Hoatzin -  a bird that cannot fly very well. These guys were once thought to be a link between lizard/dinosaur ancestors and avians, because juveniles have claws on their wings. They are always over water, and juvies will fall into the water and use the claws on their wings to climb back out onto the bank. When they molt into adult plummage, they lose the claws. Hoatzins are leaf-eaters, and have few predators because they small putrid... they ferment the leaves in their crop prior to digestion which makes their meat very foul.
Sorry for the crappy photo quality. These are super cool looking birds, look em up online.



Big Bee



Macaw Clay Lick - you may notice there are no Macaws ; )  it hadn't rained in 20 days which threw off a lot of the normal routines of the wildlife, but these licks are usually filled with hundreds of parrots, macaws, and other bird species. In addition, there was a great black hawk perched off in the distance which made other birds nervous so they refused to land on the lick and give us a show... The birds utilize the clay to neutralize toxins in the seeds they eat (i.e. cyanide)



Hanging out in the top of a Ceiba Tree at night, nothing too much to see but the epiphyte growth is cool



Saddle-backed Taramin and Emperor Tamarin (he has a super impressive mustache). I'm told the tamrarins always have identical twins, and the males carry the babies around on their backs.
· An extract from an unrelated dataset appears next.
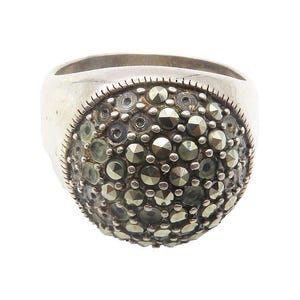 925 Sterling Silver Vintage Shiny Marcasite Dome Cocktail Ring Sz 8 RG11971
If you look closely at the 2nd pic (Emperor Tamarin) you can see the babies on his back :3 . 
Again, sorry the quality.

----------

GrifTheGreat, jfw60

----------


## SCF

Simply awesome Jeff.

----------

JeffreH

----------


## Carlos

Looks like a great trip; thanks for the share Jeff  :Smile:  !

----------

JeffreH

----------


## Colleen/Jerrod

Fantastic Jeff!!!!! I'm actually quite envious of you! :Big Grin:  I would have loved to takena trip to the Amazon. Lots of wildlife! Especially love the fact that you got to see a _Ceratophrys cornuta_ in it's natural habitat. Simply amazing!

----------

JeffreH

----------


## numpty

Nice post! I went to this part of Peru a long time ago but never made it into the park proper (naively thinking I could just turn up at the park in a canoe ferry and bypass the usual park waiting list regulations!) Looks like you had a great time with some good people.

----------

JeffreH

----------


## bill

awesome pics Jeff!! thanks for sharing!! looks like it was incredible journey. :Smile:

----------

JeffreH

----------


## maxQ

Wow, great post and awesome pictures, thanks for sharing. I got to do a conservation trip to Kenya years ago, these are things you will never forget. :Frog Smile:

----------

JeffreH

----------


## Jeff

Thank you guys! It was definitely the most incredible experience of my life = )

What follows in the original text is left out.